Stored items from a collection

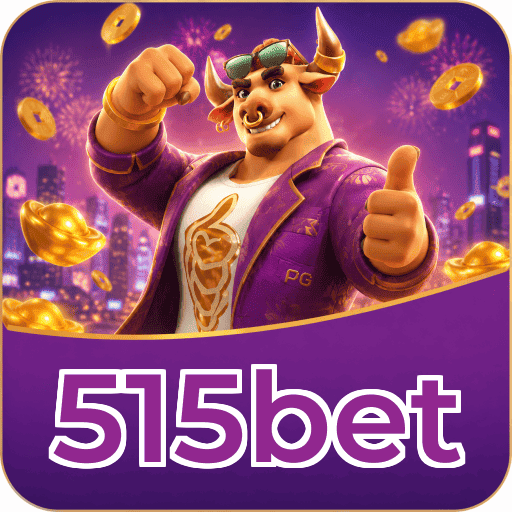 Principais provedores de slots da 515bet - NetEnt, Pragmatic Play, Play'n GO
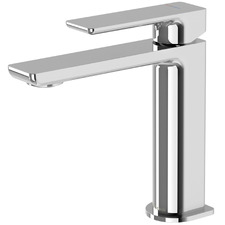 Gloss MKII Basin Mixer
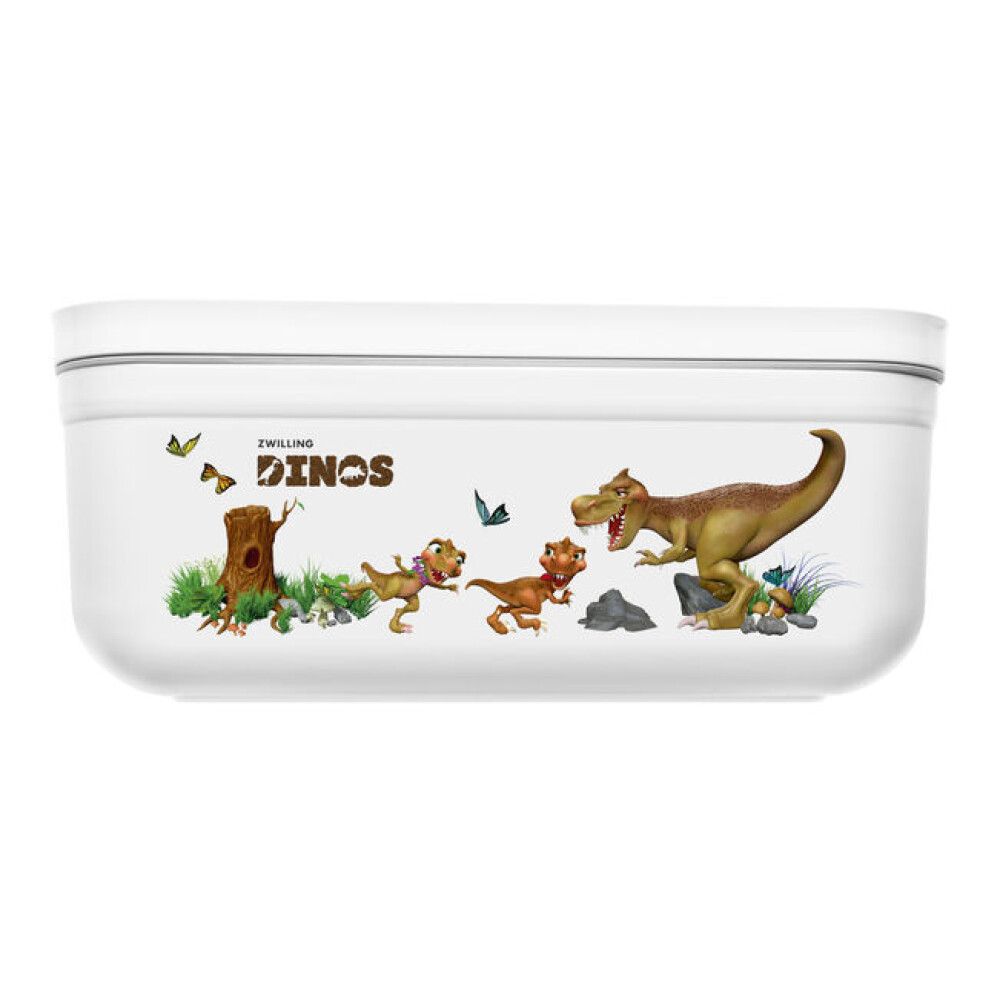 ZWILLING FS TUPPER DE VACIO LUNCH PLAS DINOS GDE ZWILLING FS TUPPER DE VACIO LUNCH PLAS DINOS GDE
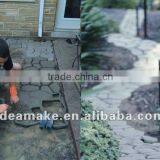 DIY TOOLS- Plastic Concrete Paver Mould thumbnail-1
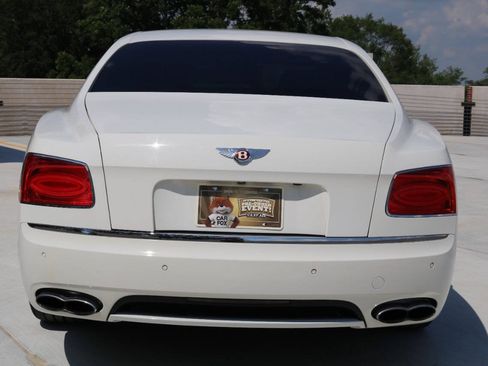 Used 2015 Bentley Flying Spur V8 AWD/4WD image 47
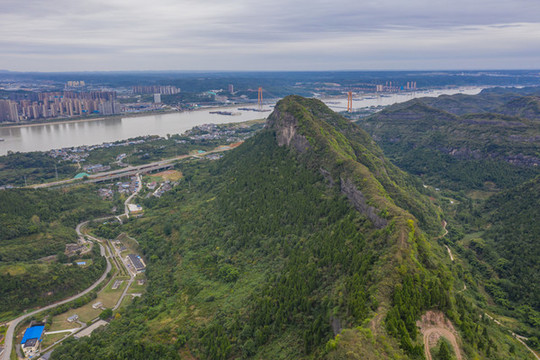 宜昌風(fēng)景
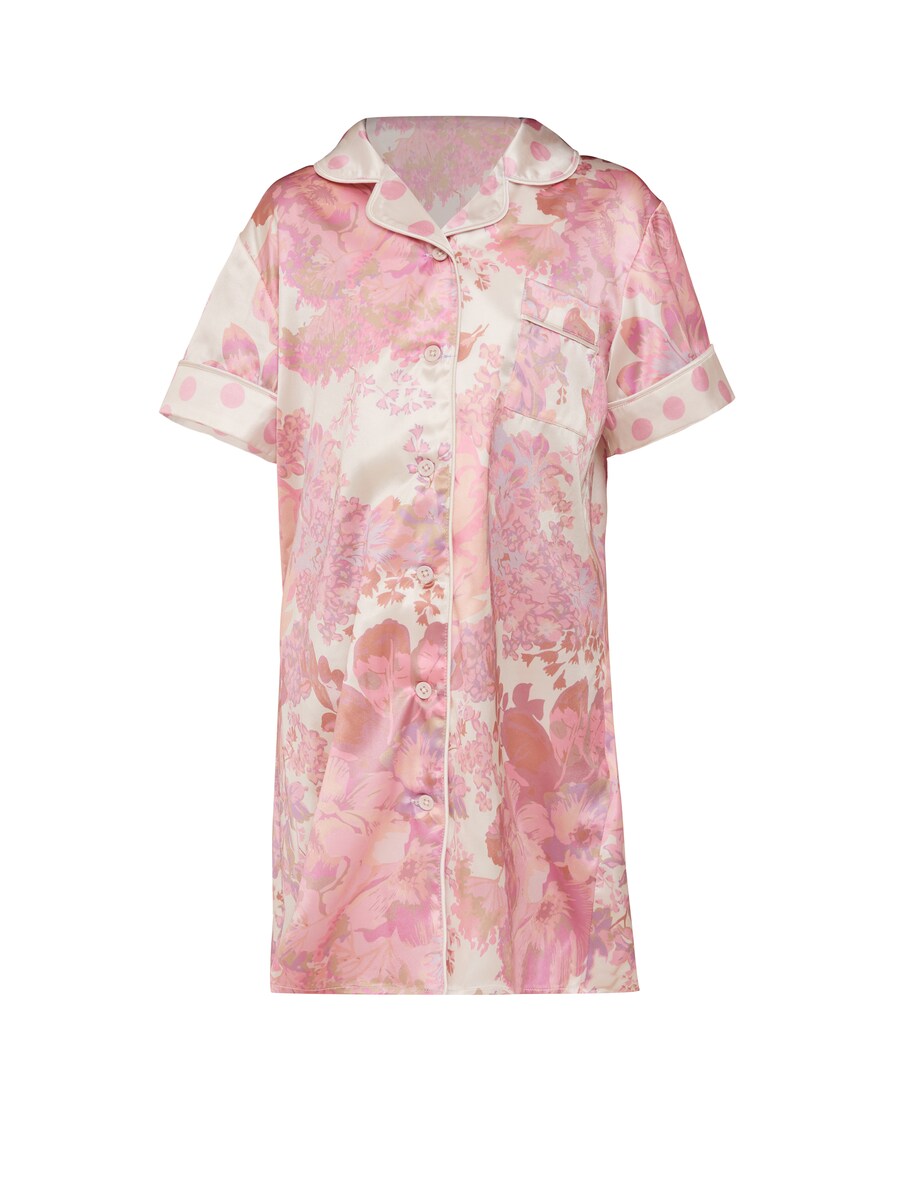 Ночная рубашка Chi Chi Girls, розовый
Ночная рубашка Chi Chi Girls, розовый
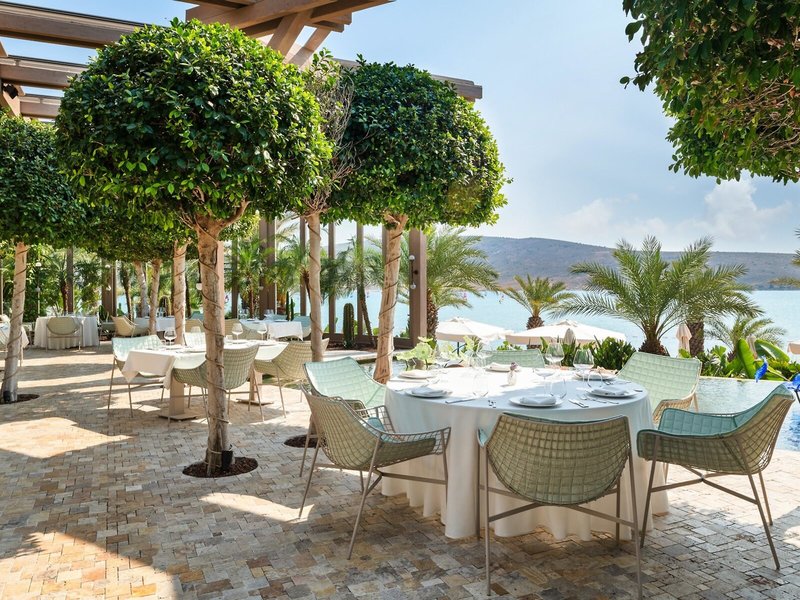Biblos Resort Alacati 15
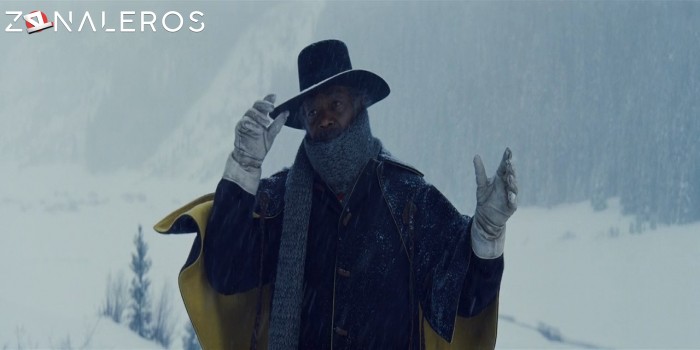 bajar Los 8 más odiados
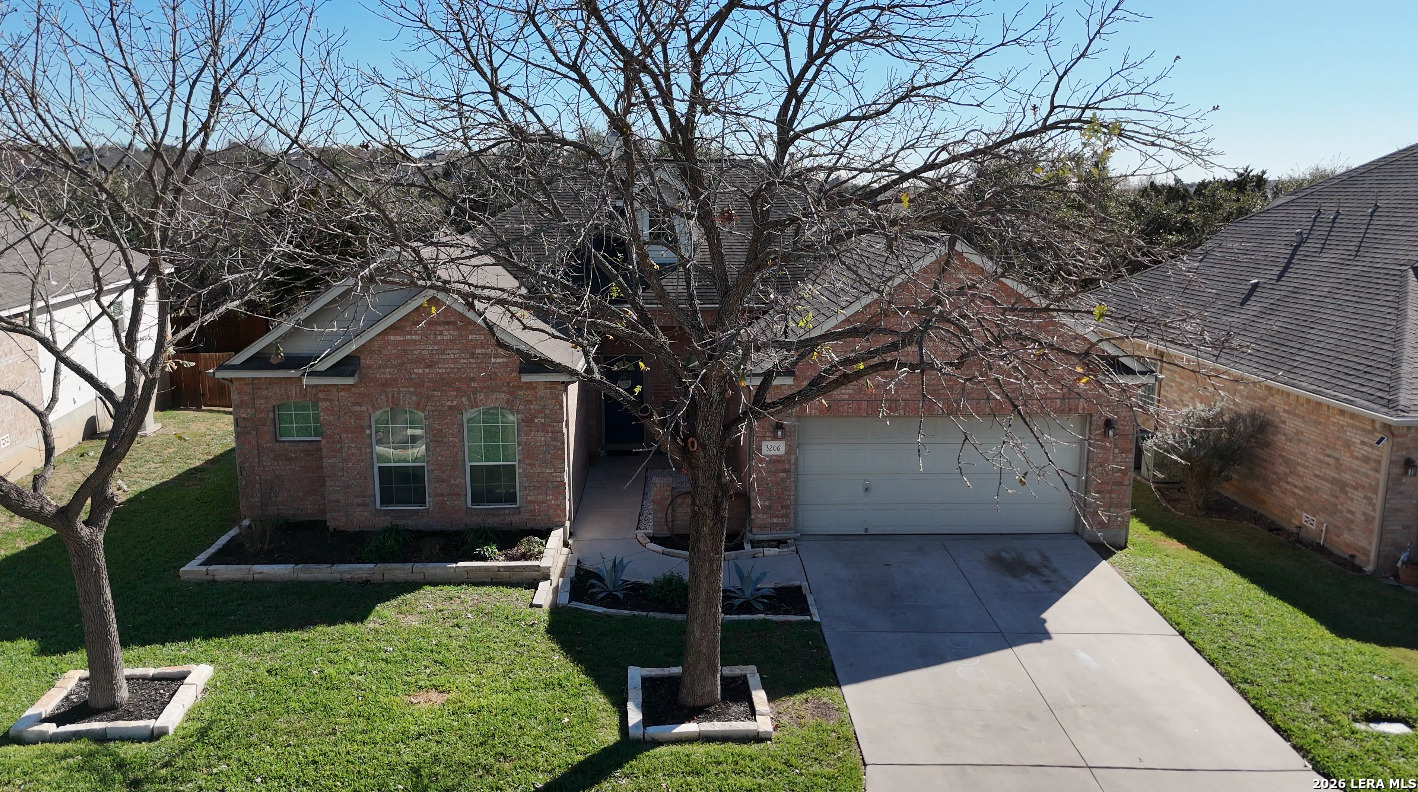 3206 Roan Valley San Antonio TX 78259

### WHAT IS BEING ASKED
Apart from the pictures, repeat every entry exactly.

### EXERCISE ANSWER
 Principais provedores de slots da 515bet - NetEnt, Pragmatic Play, Play'n GO
 Gloss MKII Basin Mixer
 ZWILLING FS TUPPER DE VACIO LUNCH PLAS DINOS GDE ZWILLING FS TUPPER DE VACIO LUNCH PLAS DINOS GDE
 DIY TOOLS- Plastic Concrete Paver Mould thumbnail-1
 Used 2015 Bentley Flying Spur V8 AWD/4WD image 47
 宜昌風(fēng)景
 Ночная рубашка Chi Chi Girls, розовый
Ночная рубашка Chi Chi Girls, розовый
Biblos Resort Alacati 15
 bajar Los 8 más odiados
 3206 Roan Valley San Antonio TX 78259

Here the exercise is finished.